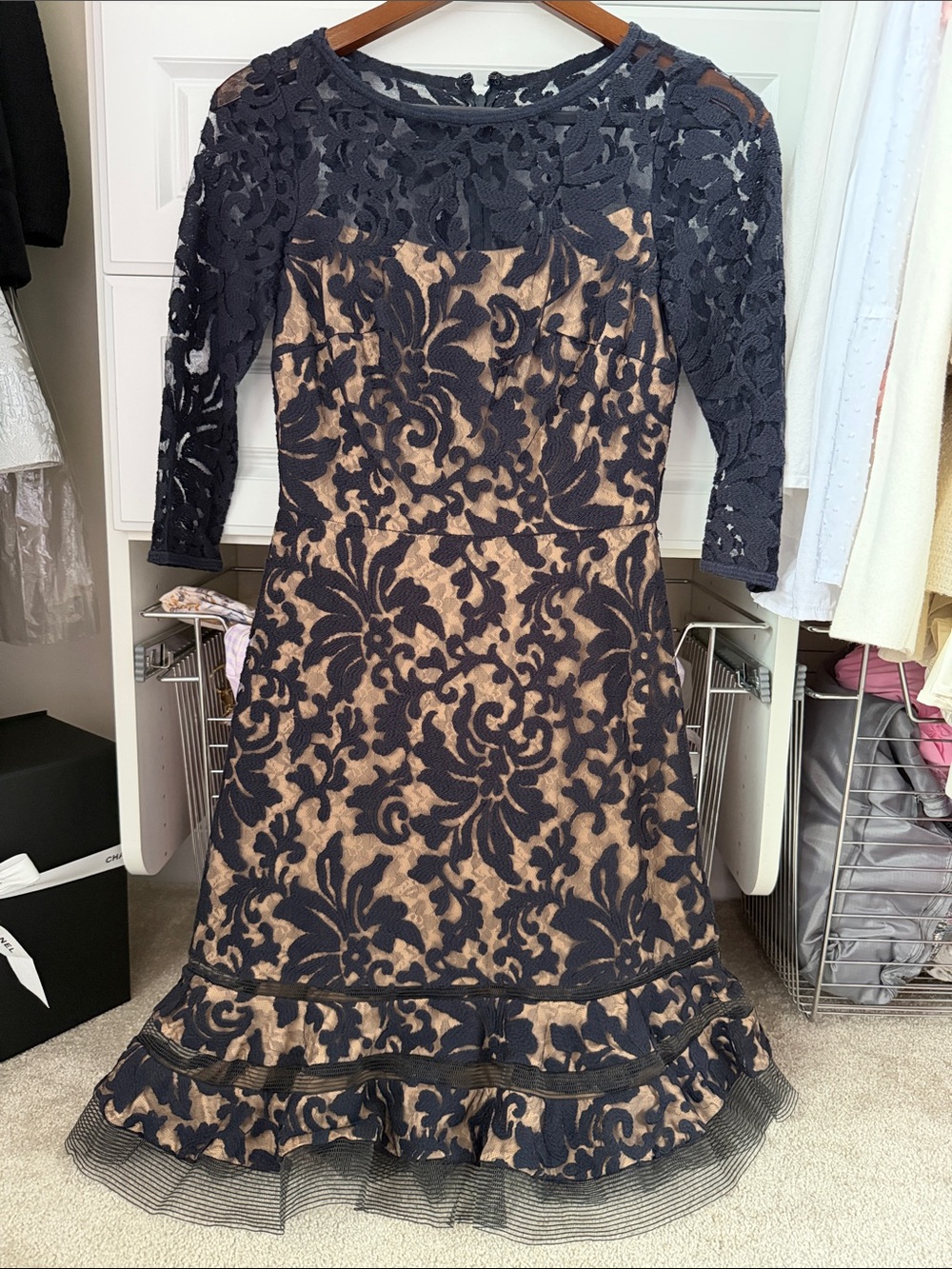 Tadashi Shoji Black Lace-Overlay Cocktail Dress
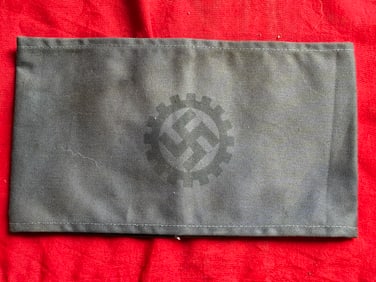 WW2 GERMAN DAF LABOR CORPS TUNIC ARMBAND WITH RZM PAPER TAG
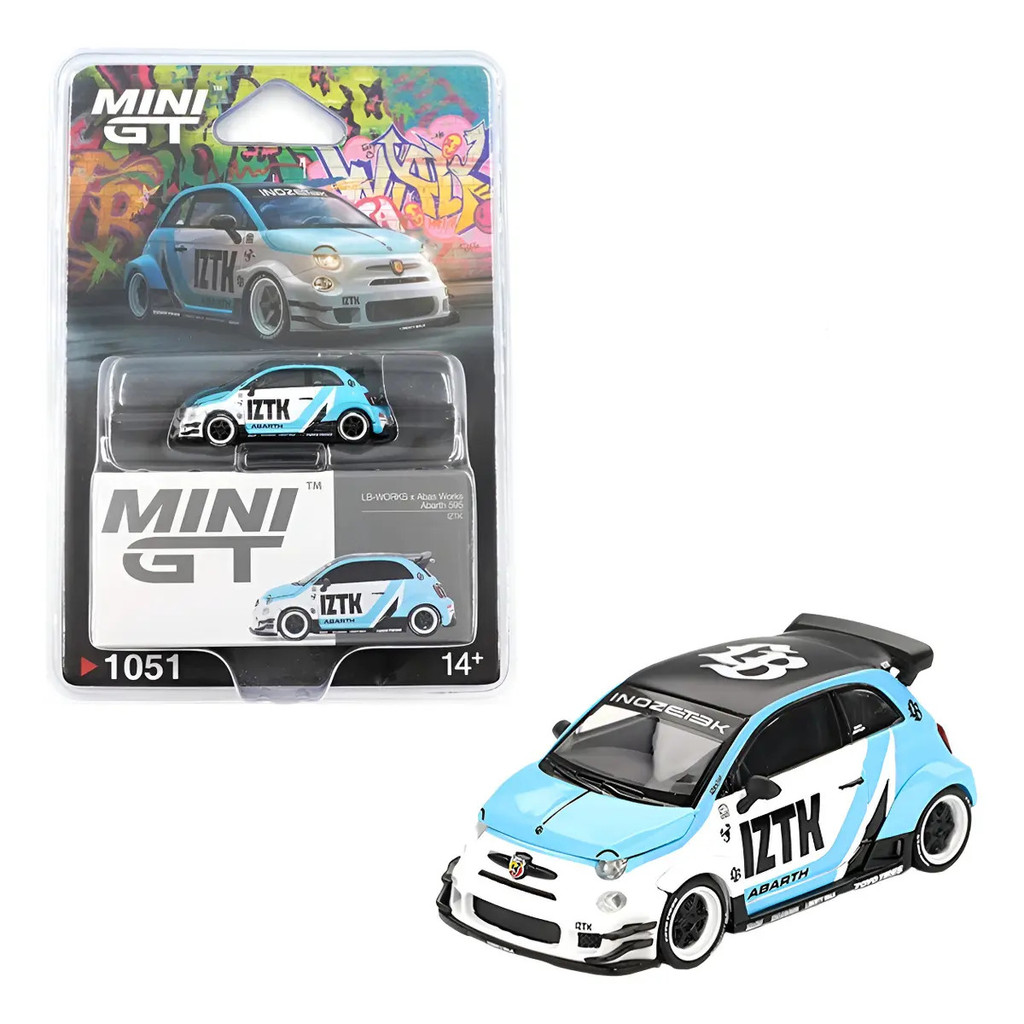 Miniatura Premium Mini Gt Abarth Fiat 500 #1051 1:64 Azul Celeste Realista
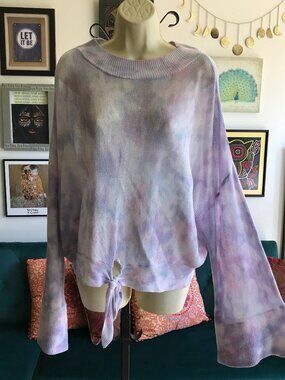 SPIRITUAL GANGSTER size L Kona Sunset Sweater Pullover Pastel Tie Dye Oversized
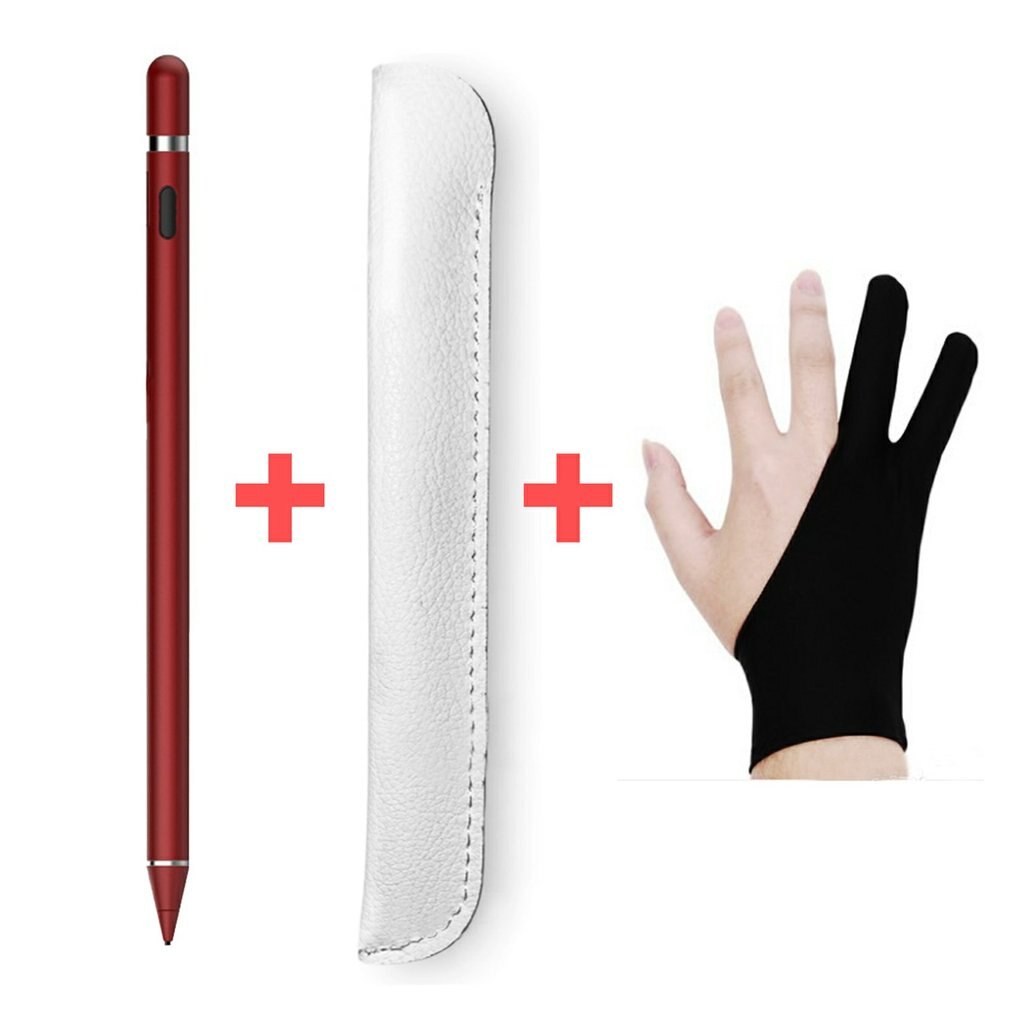 Stylus Capacitieve Pen Pen Case Handschoenen Voor Apple Potlood 2 1 Ipad Slagen Voor Tablet Universele Stylus Touch Pen: Rood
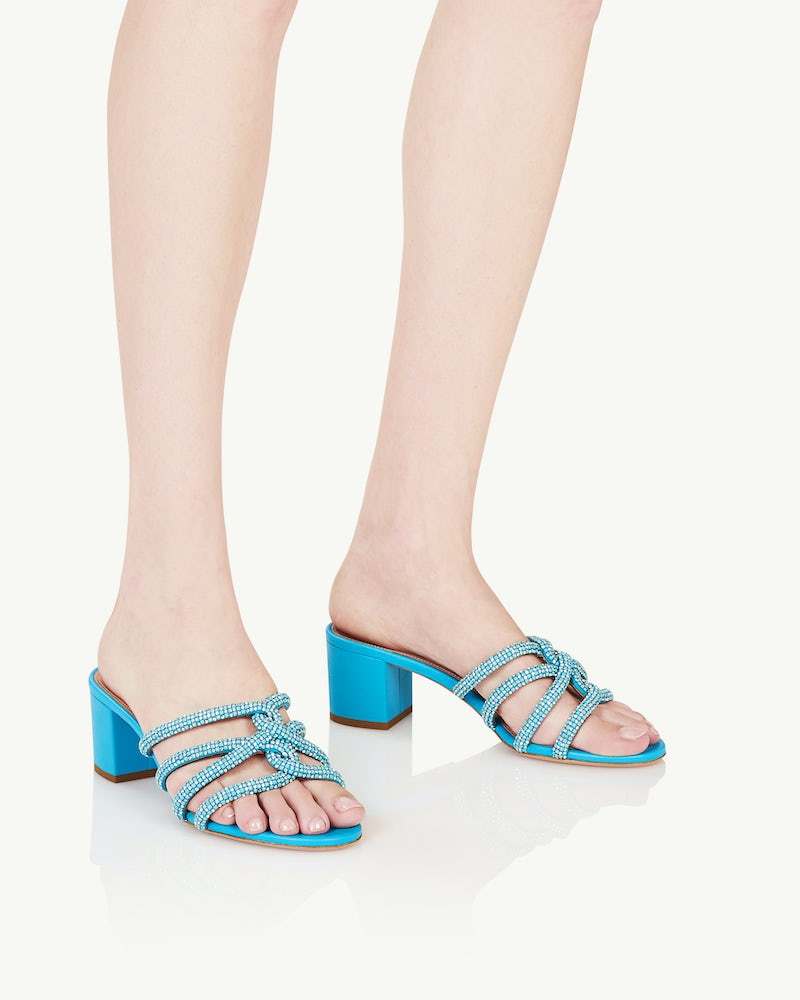 Aquazzura 60mm Crystal-embellished Leather Mules In Blue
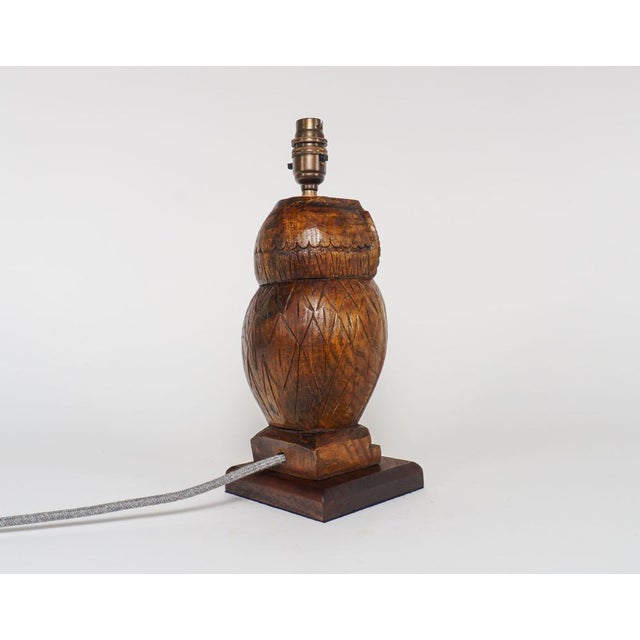 Mid-Century Modern Vintage English Carved Oak Owl Table Lamp, 1950s For Sale - Image 3 of 7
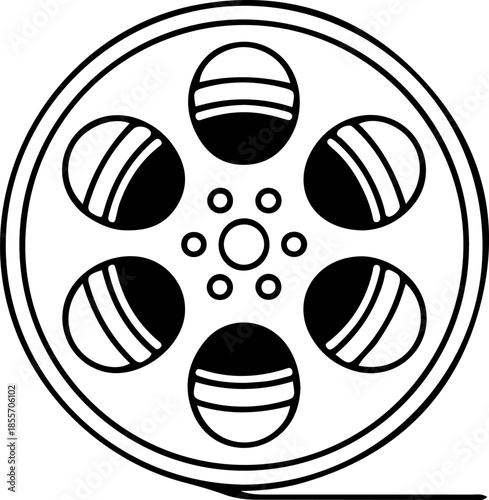 Professional movie film reel icon silhouette isolated on white background for cinema industry, motion picture production, film festival branding, and entertainment graphic design projects.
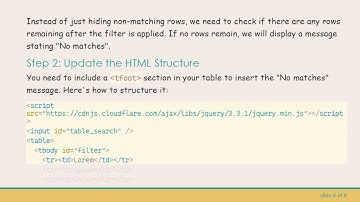 How to Display a No Results Found Message When Filtering a Table in JavaScript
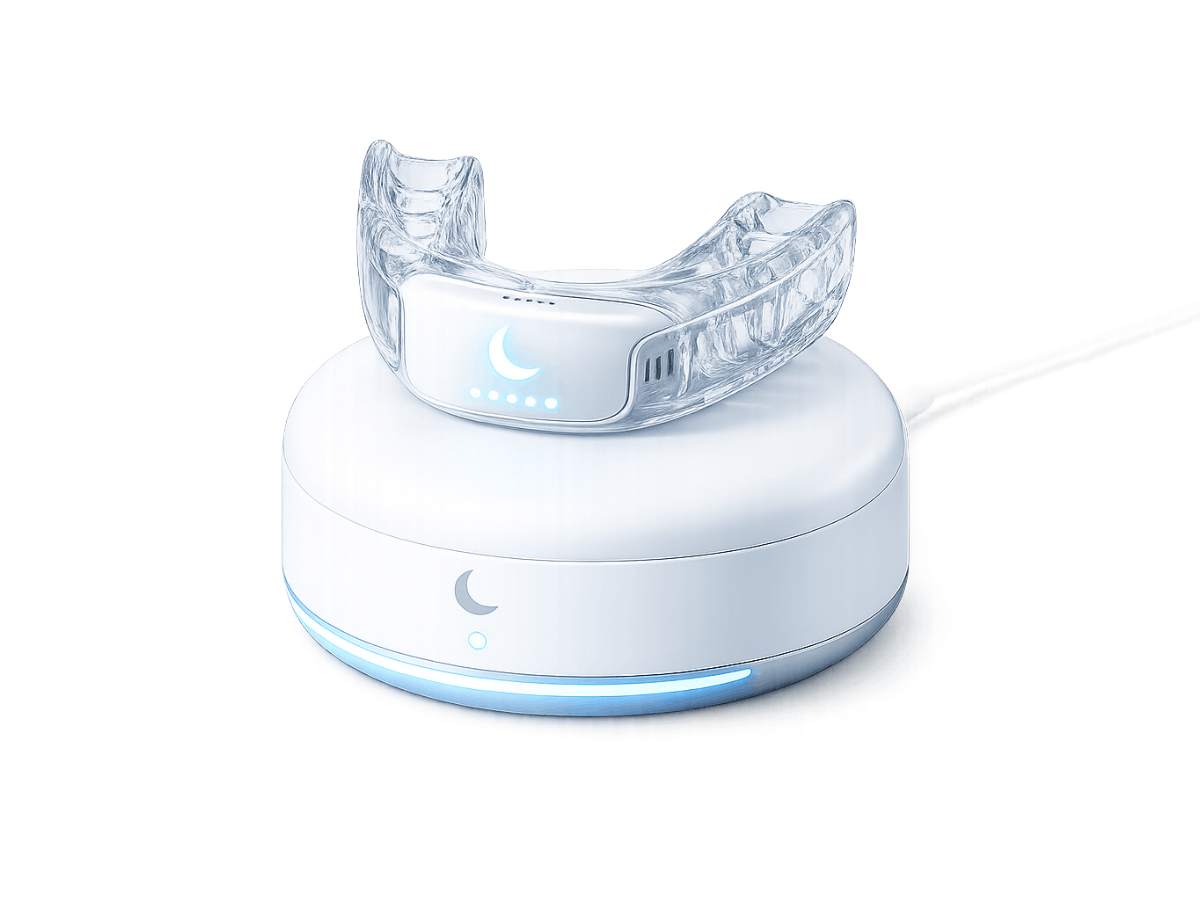 Clear smart mouthguard sleep and bruxism tracker resting on a white charging dock with a soft blue LED light.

------------------------------------------------------------------------

• **What the exercise asks**
Copy all the data exactly as written, but skip any picture.

• **Your solution**
 Tadashi Shoji Black Lace-Overlay Cocktail Dress
 WW2 GERMAN DAF LABOR CORPS TUNIC ARMBAND WITH RZM PAPER TAG
 Miniatura Premium Mini Gt Abarth Fiat 500 #1051 1:64 Azul Celeste Realista
 SPIRITUAL GANGSTER size L Kona Sunset Sweater Pullover Pastel Tie Dye Oversized
 Stylus Capacitieve Pen Pen Case Handschoenen Voor Apple Potlood 2 1 Ipad Slagen Voor Tablet Universele Stylus Touch Pen: Rood
 Aquazzura 60mm Crystal-embellished Leather Mules In Blue
 Mid-Century Modern Vintage English Carved Oak Owl Table Lamp, 1950s For Sale - Image 3 of 7
 Professional movie film reel icon silhouette isolated on white background for cinema industry, motion picture production, film festival branding, and entertainment graphic design projects.
 How to Display a No Results Found Message When Filtering a Table in JavaScript
 Clear smart mouthguard sleep and bruxism tracker resting on a white charging dock with a soft blue LED light.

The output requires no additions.